Y nos preguntamos: ¿Por qué toda esta belleza tiene que arruinarse al punto de que uno tenga que huir de ella?

En medio del paisaje crepuscular le pregunto al monte por qué esto es así. Pero el monte no responde. Le pregunto al agua y a las piedras. . . nada.

Los animalitos del bosque nos miran con desconfianza y huyen. ¿Por qué? ¿Hay necesidad de que estas cosas sean así?

Llegamos apresurados a nuestra casita rodante y entramos, cerrando la puerta tras nosotros y dejando fuera la nube de mosquitos. A través del tejido de las ventanas vemos cerrar la noche. Todo se moja con el rocío.

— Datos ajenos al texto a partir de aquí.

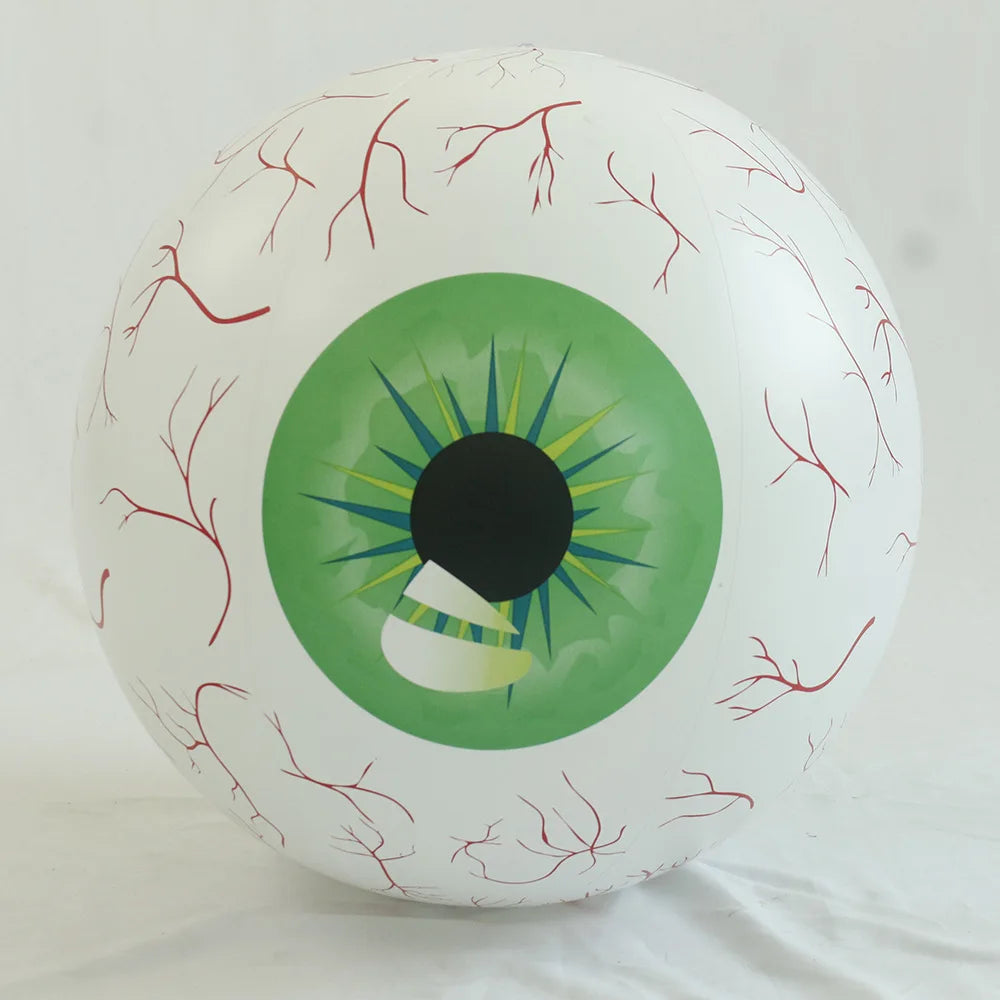 New PVC Inflatable LED Glowing Ball Halloween Decoration Party Supplies Horror Bloodline Halloween Eye Pendant Oasis Select green 60cm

Una capa de niebla blanca y densa se asienta sobre la superficie del lago. No hay nada que hacer afuera. Solo saldremos cuando despunte el día. Pero aún la música del viento sigue susurrando entre las copas de los altos pinos. No se oye el graznido de los gansos ni la voz del somormujo. El aire de la noche se puebla con la voz del grillo, el croar de las ranas y el aullido lejano de un coyote. Es bella la música de la noche. También oímos el zumbido de los mosquitos que pugnan por entrar.

Pero bella como es, la noche tampoco me dice por qué en medio de una explosión de vida, existe también el dolor.

Busco respuesta en el cielo, más allá de las estrellas. . .

Señor ¿No sembraste buena semilla en tu campo? ¿De dónde pues tiene cizaña?”.

Una voz responde: “Un enemigo ha hecho esto.”

¿Quieres que vayamos y la arranquemos?

“No, porque al arrancar la cizaña podríais dañar también el trigo. Dejad que crezcan juntos hasta la siega. Cuando llegue el momento de cosechar, yo les diré a los segadores que recojan primero la cizaña y la aten en manojos, para quemarla, y que después guarden el trigo en mi granero.”